WLNS is reporting that UAW President Bob King sees an opportunity for his union to roll back concessions, based on gains that GM, Ford and Chrysler will make in the auto market. Japanese automobile production was severely cut back because of damage from the March earthquake, a massive tsunami and the strain on Japan's electric grid from the failure of the Fukushima Daiichi nuclear power plant.
Now there's actually a germ of economic thinking here: even in the midst of a weak recovery from a recession, Japan's problems create opportunities for domestic automakers; there are still customers who want cars and Detroit is in a nice position to provide them. But King needs to keep in mind that Japan has automakers and suppliers in the US now too, and none of them were damaged by the earthquake. King should not allow himself to think that Honda, Nissan, Toyota and the rest have been crippled. Nor should King let himself think that the damage is permanent. This is not the first time the Japanese have had to rebuild after a natural disaster, and massive earthquakes don't happen there every year.
Detroit may have an opportunity here to maybe regain some customers from the Japanese automakers. The main chance here is not to sell some cars and make a quick buck, but to regain market share, provide quality cars at a good value and regain the good will of car buyers. But that means not pushing things too far.

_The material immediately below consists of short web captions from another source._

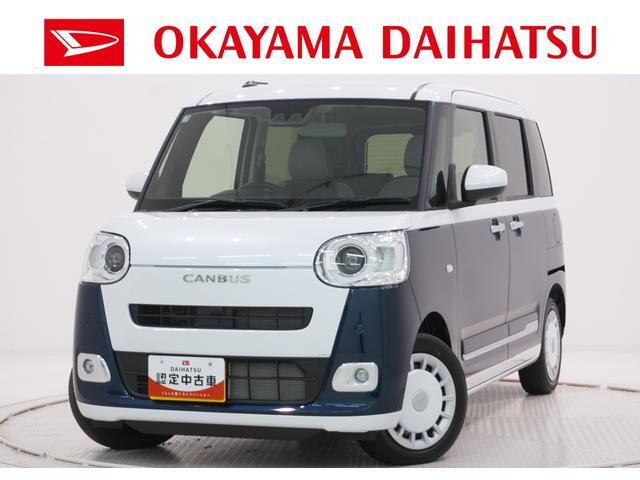 ムーヴキャンバス  ストライプス G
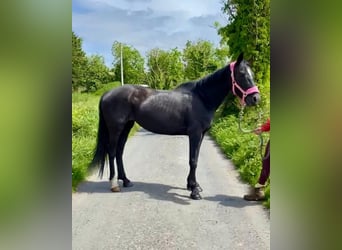 Caballo de deporte irlandés, Yegua, 7 años, 160 cm, Negro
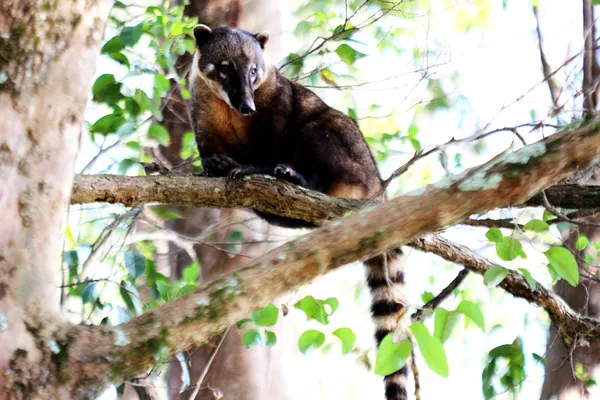 Coati on the branch of the tree — Stock Photo, Image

Estimating the impact of the earthquake on Japan's auto industry will be difficult given the complicated relationship between suppliers and automakers. It's not clear that the UAW president has much patience for sound economics. Resentment over Japanese success in the auto industry runs deep in Detroit, and that resentment can cloud judgment. The UAW has a track record of declaring happy days are here again prematurely. There is a very real chance, even a likelihood, that King will overestimate the damage suffered by Japanese automakers, demand more than is wise, blow an opportunity to stabilize his industry over the long haul, and eventually cost more UAW members their jobs.